• BRIEF
Restate word for word the lines below from the one that has "White Photo Frame" through the one that has "Mid-century Modern Zara Silver Rug", keeping both and dropping all pictures.

──────── EXTRACTED INFORMATION ────────

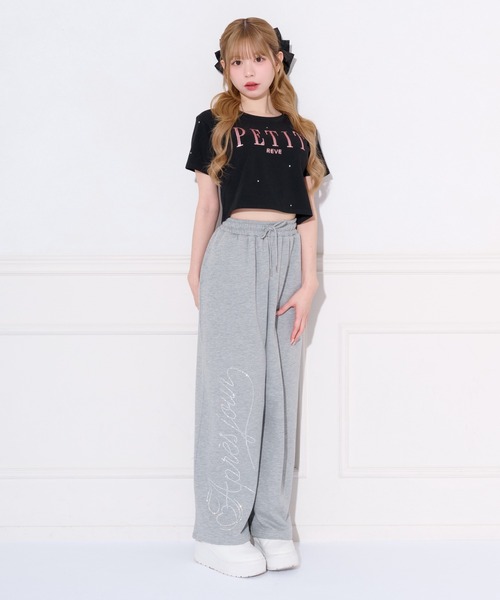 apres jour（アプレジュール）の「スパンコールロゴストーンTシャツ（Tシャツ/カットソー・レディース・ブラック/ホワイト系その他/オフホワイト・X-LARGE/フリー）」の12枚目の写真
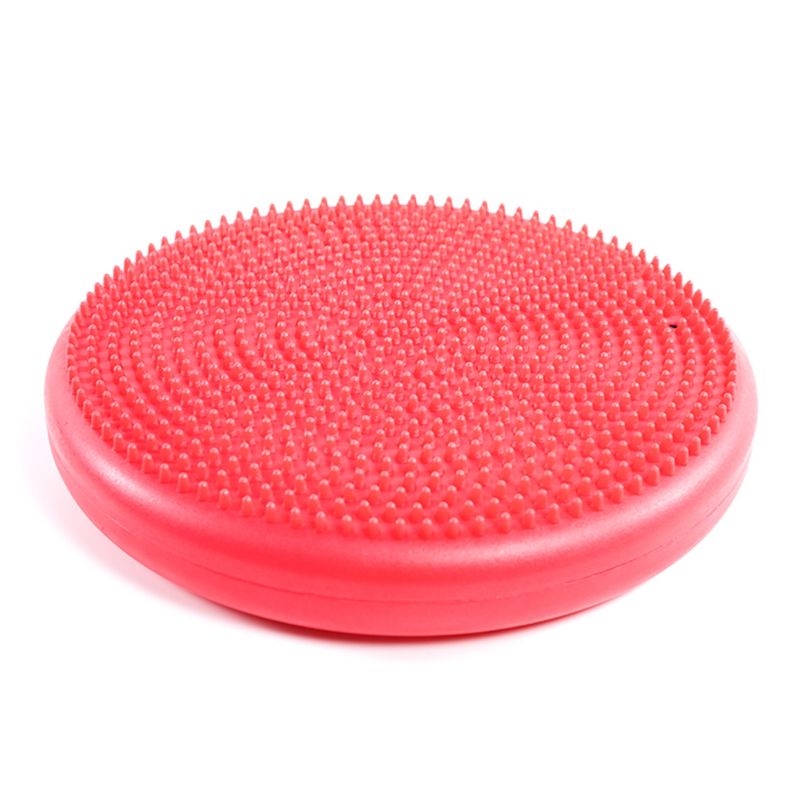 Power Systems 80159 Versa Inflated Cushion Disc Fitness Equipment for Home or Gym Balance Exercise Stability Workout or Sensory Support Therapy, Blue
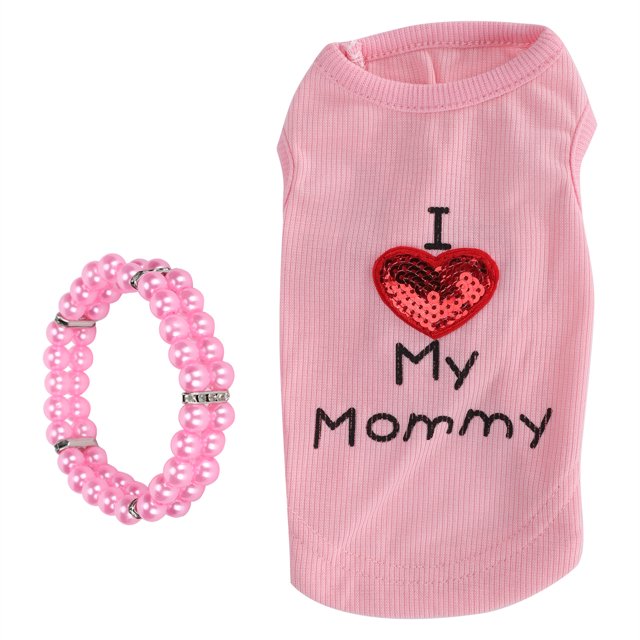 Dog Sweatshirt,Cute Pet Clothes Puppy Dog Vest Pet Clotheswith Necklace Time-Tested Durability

────────
──────── EXTRACTED INFORMATION ────────

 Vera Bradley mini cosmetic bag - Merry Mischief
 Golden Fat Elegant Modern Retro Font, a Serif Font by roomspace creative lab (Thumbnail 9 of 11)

────────
──────── EXTRACTED INFORMATION ────────

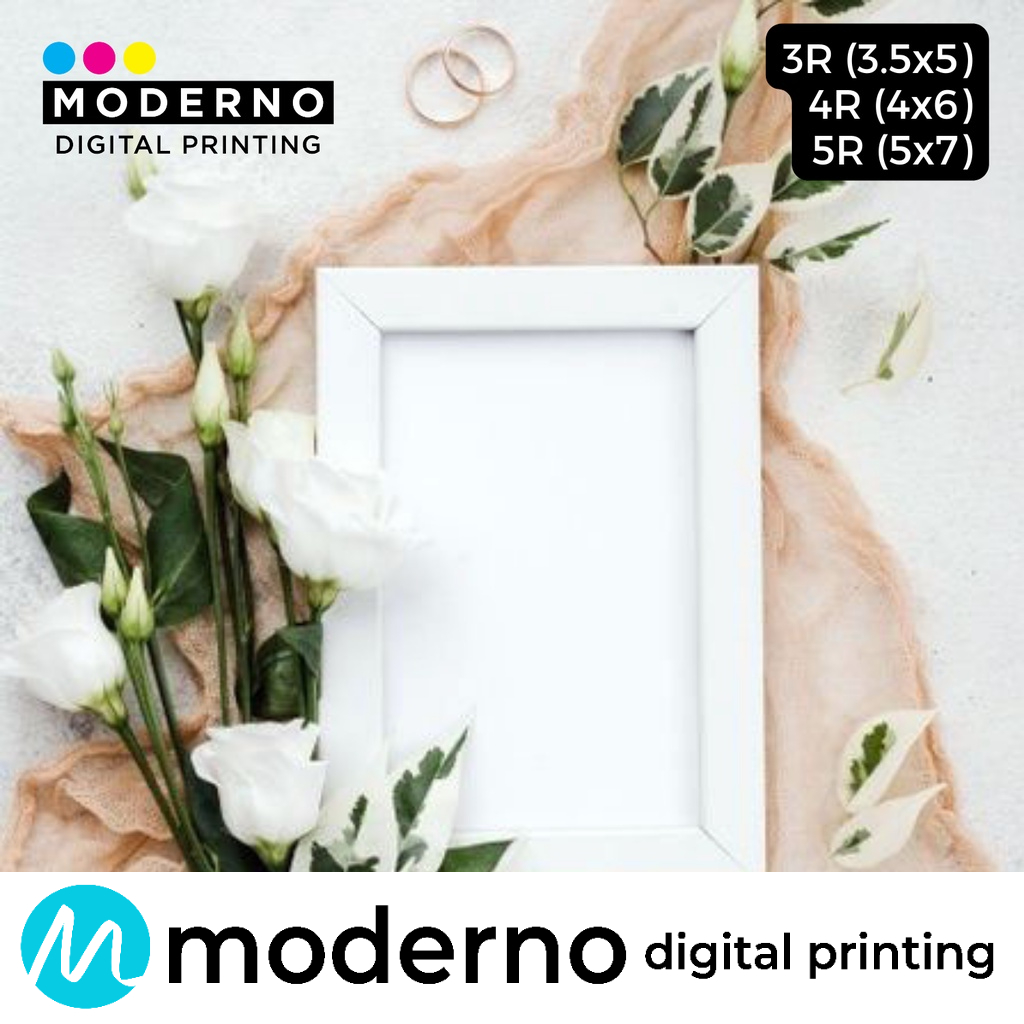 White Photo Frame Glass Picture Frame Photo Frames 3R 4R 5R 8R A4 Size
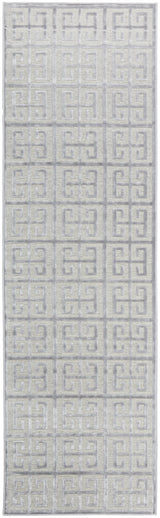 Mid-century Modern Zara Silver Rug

────────

• EXERCISE RESULT
 White Photo Frame Glass Picture Frame Photo Frames 3R 4R 5R 8R A4 Size
 Mid-century Modern Zara Silver Rug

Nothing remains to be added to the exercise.